The novel opens as Keiji Kiriya goes into battle for the first time. Keiji is a “Jacket Jockey,” operating a mechanized battle suit (think Iron Man’s armor, minus the repulsors and integrated weaponry) in the war against the alien Mimics. Keiji survives the first few minutes of combat while friends fall all around him, and he even manages to kill a couple Mimics before he is mortally wounded. The world fades to black…and he wakes up in his bunk, with the attack set for tomorrow afternoon. Initially, he thinks this has all been a really weird dream, but when everyone persists in following the script in his head he figures out that something far stranger is going on. No matter what he does, Keiji cannot seem to survive the battle….but every death is a lesson learned, and Keiji is a good student. Throw the Full Metal Bitch into the mix, and Keiji might finally have a shot at ending the loop.

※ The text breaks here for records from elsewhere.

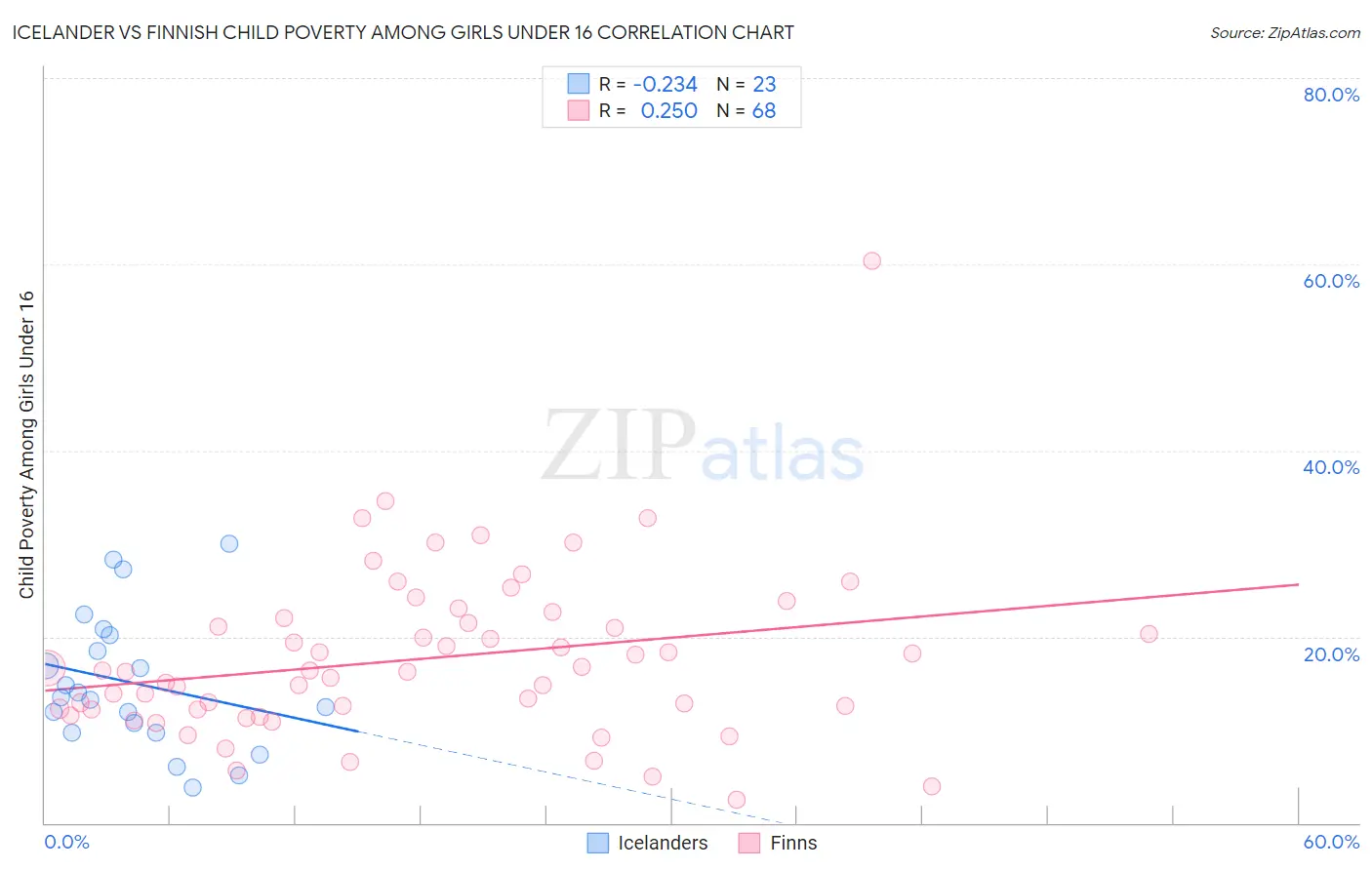 Icelander vs Finnish Child Poverty Among Girls Under 16
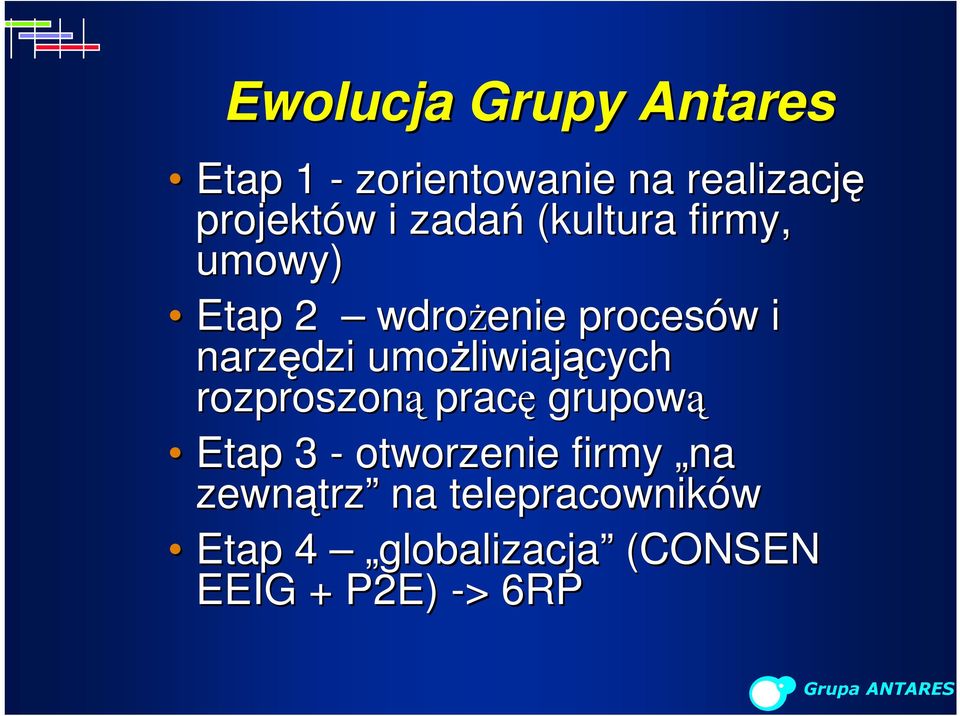 umożliwiaj liwiających rozproszoną pracę grupową Etap 3 - otworzenie firmy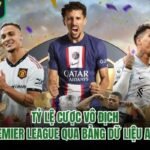 Tỷ Lệ Cược Vô Địch Premier League Qua Bảng Dữ Liệu A - Z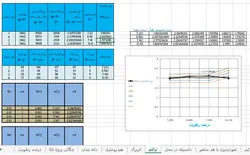 آموزش و نحوه انجام آزمایش های مکانیک خاک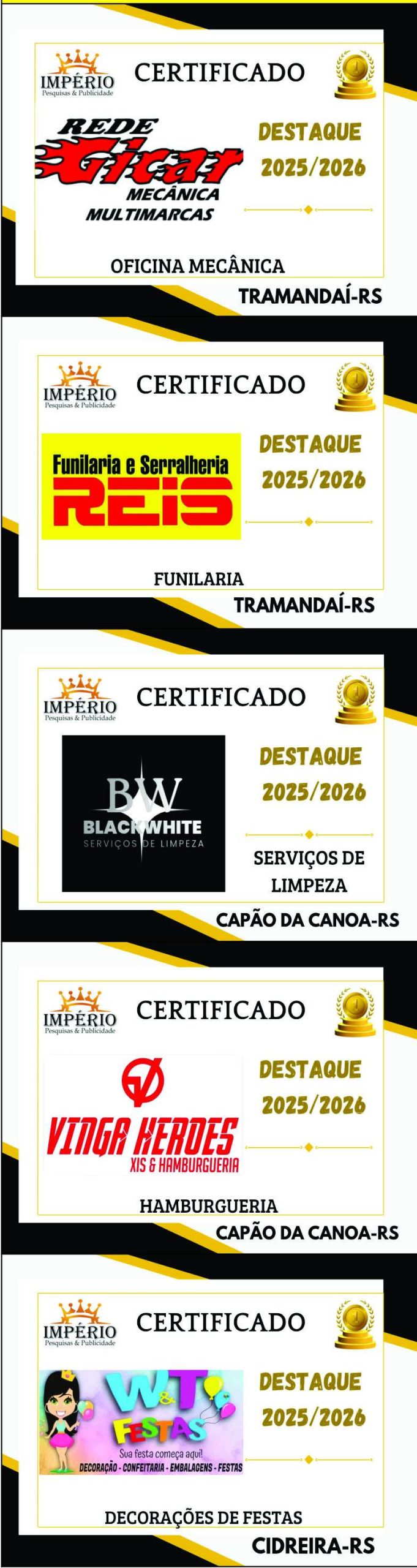 Império Pesquisas divulga destaques em 6 cidades do Litoral 72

Everything about this novel was well done, if not always original. After all, the time-loop plot isn’t exactly new ground, but Sakurazaka definitely throws a new spin on things and gives us a very fun sci-fi romp. That’s what we signed on for, isn’t it? Keiji and Rita “Full Metal Bitch” Vrataski are both incredibly well-rounded characters, and while certain actions may take you by surprise at the time, everything they do makes sense in the long run. Some of the bit players are a bit two-dimensional or stock characters, but this is mostly because they are never given the time to develop–keep in mind, the whole thing happens over a 48-hour period so far as anyone but Keiji is concerned. You can’t expect a side character to develop between loops when they don’t know they’re looping. The Mimics were a well-conceived enemy, rooted in our fears that if aliens do exist, they will be very much like us in their behavior. The alien inhabitants of an overpopulated planet have targeted our world for colonization, and the Mimics are their scouts and terraforming apparatus. In fact, I got a bit of a Lovecraftian vibe from them. Maybe that was just me though. There were certain elements where the Japanese heritage of the story came through–the robotic power suits, for one thing–but on the whole I thought it translated very well. Two thumbs up!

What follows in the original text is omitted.